Pensando a música a partir da América Latina: problemas e questões, lançado em 2016 pela editora Letra e Voz, é a primeira obra de Juan Pablo González publicada no Brasil. Musicólogo e historiador chileno, o autor pretende discutir a história da música e da musicologia latino-americanas no século XX, visando entender os processos que levam à formação de ritmos, gêneros, artistas, identificações e diferentes representações no continente. Tendo em vista a extensão do recorte temporal e espacial, o autor toma como foco principal de análise três países – Chile, Argentina e Brasil, porém durante sua narrativa são estabelecidas conexões com outras regiões, tais como os Estados Unidos da América.

Composto por 12 capítulos, que podem ser divididos em dois grupos, o livro reúne textos produzidos e publicados pelo autor no decorrer de sua carreira como pesquisador, possibilitando ao seu leitor conhecer pontos distintos sobre a música latino-americana no século XX. Entre os principais temas abordados estão: as predominantes correntes historiográficas sobre a música latino-americana, as propostas pós-coloniais para compreensão da musicologia no século XX, o espaço feminino na música, os movimentos de vanguardas e as relações inter-americanas.

Destacando a necessidade de abordagens multidisciplinares para os estudos sobre música, González estabelece nos seis primeiros capítulos diálogos com outras áreas de conhecimento, como os Estudos Culturais e Pós-coloniais. As articulações permitem ao autor abordar não apenas a música enquanto letra ou ritmo separadamente, mas destacar aspectos como oralidade, midialidade e performance. Sua proposta de trabalho destaca um elemento central das discussões mais recentes da historiografia musical – a capacidade da canção de presentificar passados e os significar. Deste modo, partindo das considerações do pesquisador chileno, podemos pensar que o estudo da música latino-americana no século XX aponta não apenas para processos criativos e artísticos, mas também para composições políticas, disputas de memória e de amplas temporalidades que se fazem presentes em momentos distintos de nossa contemporaneidade.

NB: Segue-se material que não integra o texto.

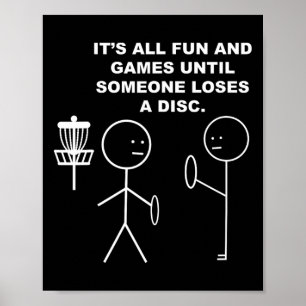 Disc Golf Frisbee Stickman Stick Figure Humour Pun Poster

Os três primeiros capítulos discutem a formação de correntes de pensamento sobre a musicologia na América Latina no decorrer do século XX e XXI. Pensando primeiramente nas propostas americanistas, cujo objetivo era agregar partes das nações latino-americanas, interamericanas, projeto que partiria dos Estados Unidos, e dos Estudos latino-americanos, a partir do anos de 1980. Nesse contexto, o autor destaca que tais propostas não apenas não se encerraram, mas possuem permanências diretas em nosso presente, relembrando figuras que permanecem na cultura contemporânea, como Xavier Cugat e Carmen Miranda. Com a emergência da multidisciplinaridade na década de 1970 e 1980, os estudos na área passaram a incorporar novas problemáticas e discussões, como os pensamentos pós-coloniais e, mais recentemente, as humanidades digitais. A principal tese seria que, com o avançar das décadas, os pesquisadores na área de musicologia, e história da música, passaram a interpretar que a abordagem multidisciplinar seria fundamental para compreensão da música e da canção em suas mais distintas características e interlocuções. Os estudos em Ciências Humanas e Sociais na compreensão da canção nas construções sociais e humanas poderiam ser pensados como exemplos disso, a partir de categorias de identificações, gênero, etnia e classe.

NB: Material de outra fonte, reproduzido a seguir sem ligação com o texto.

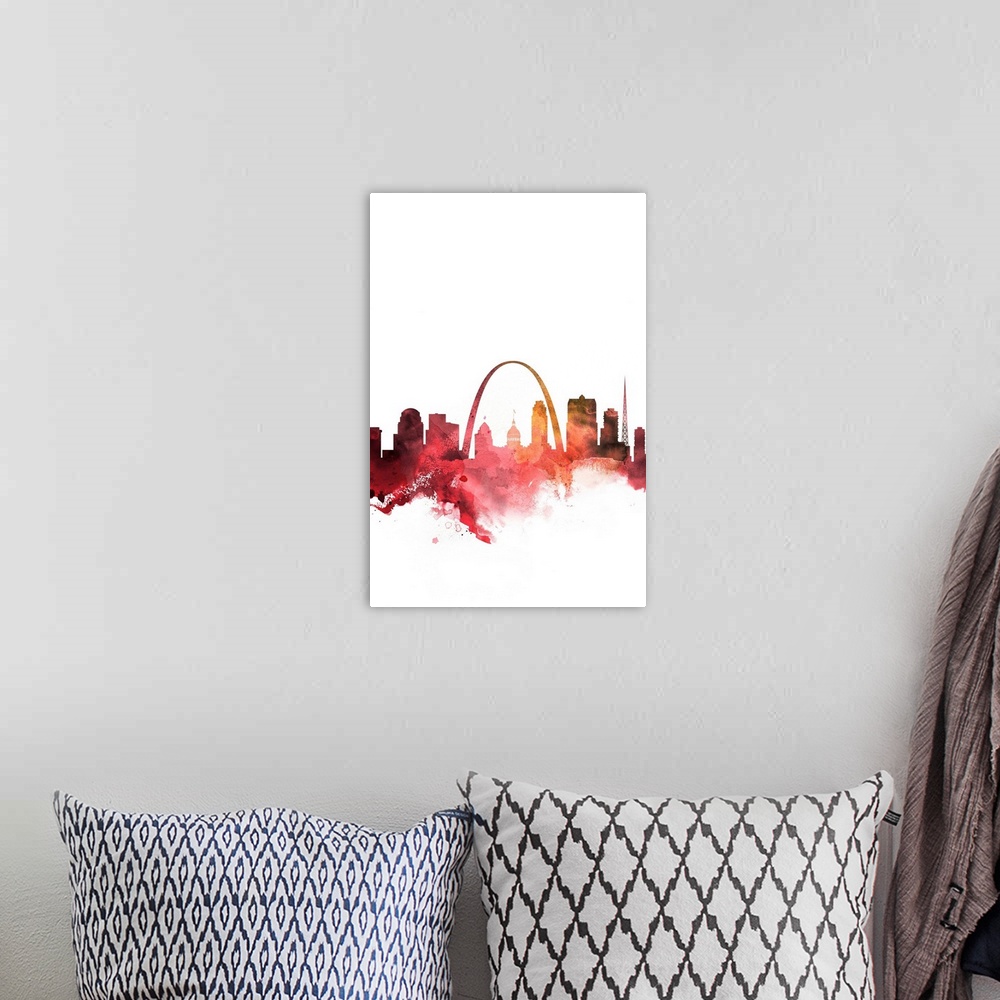 A bohemian room featuring The St. Louis city skyline in colorful watercolor splashes.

Os capítulos IV e V são dedicados especialmente a debates sobre as produções historiográficas relativas a história da música latino-americana, a partir de documentos diversos produzidos nos encontros da IASPM na América Latina. Partindo disso, o autor pensa a organização desses eventos e seus anais como um balanço de pesquisas na área. Criada em 1980 a IASPM, a qual o autor foi diretor, aos poucos passou a abarcar e fomentar as discussões não apenas de gêneros musicais, mas também o estudo sobre pontos de escutas, redes de circulação e a própria indústria cultural. Tendo em vista que um dos focos recentes de estudo na música popular seriam os processos sociais de significação em conjunto aos mecanismos de circulação e produção, González aponta para uma dificuldade recente de tais produções na área – os estudos sobre o consumo. Pontuando os avançados e embates do campo, o autor destaca que o estudo de música popular se faz extremamente pertinente, a partir dos anos de 1980, ao auxiliar a compreensão de tradições e visões de mundo em algumas comunidades que sempre foram marginalizadas.

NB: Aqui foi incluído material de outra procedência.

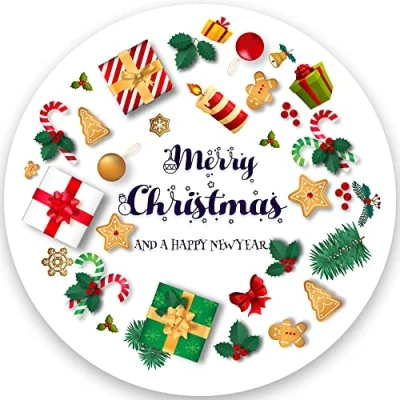 Image of Pack of 48 Christmas Party Decoration Stickers (45 mm) Merry for Card Making, Gifts &amp; Cake Boxes Papa Prints®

Neste sentido, a canção é tomada como um processo que incorpora suas alterações ao longo de seu tempo, mediadas por performances, covers, apresentações e edições. A música não seria, nem deveria ser, compreendida como um objeto estático, mas sim fruto de um encadeamento constante de ressignificações por interprete e ouvinte/observador, tornando-se uma temática fundamental aos estudos da cultura contemporânea. Sendo uma das características de nosso regime de historicidade presentista (HARTOG, 2013), a resignificação continua de um passado em meio ao uma sensação de presente hipertrofiado e um futuro cujo o horizonte de expectativas se amplia constantemente é, em vários casos, aterrorizador. Sendo assim, os estudos sobre música latino-americana, partindo das considerações de González, seriam um objeto de estudo na compreensão de novas relações entre as dimensões passado/presente/futuro.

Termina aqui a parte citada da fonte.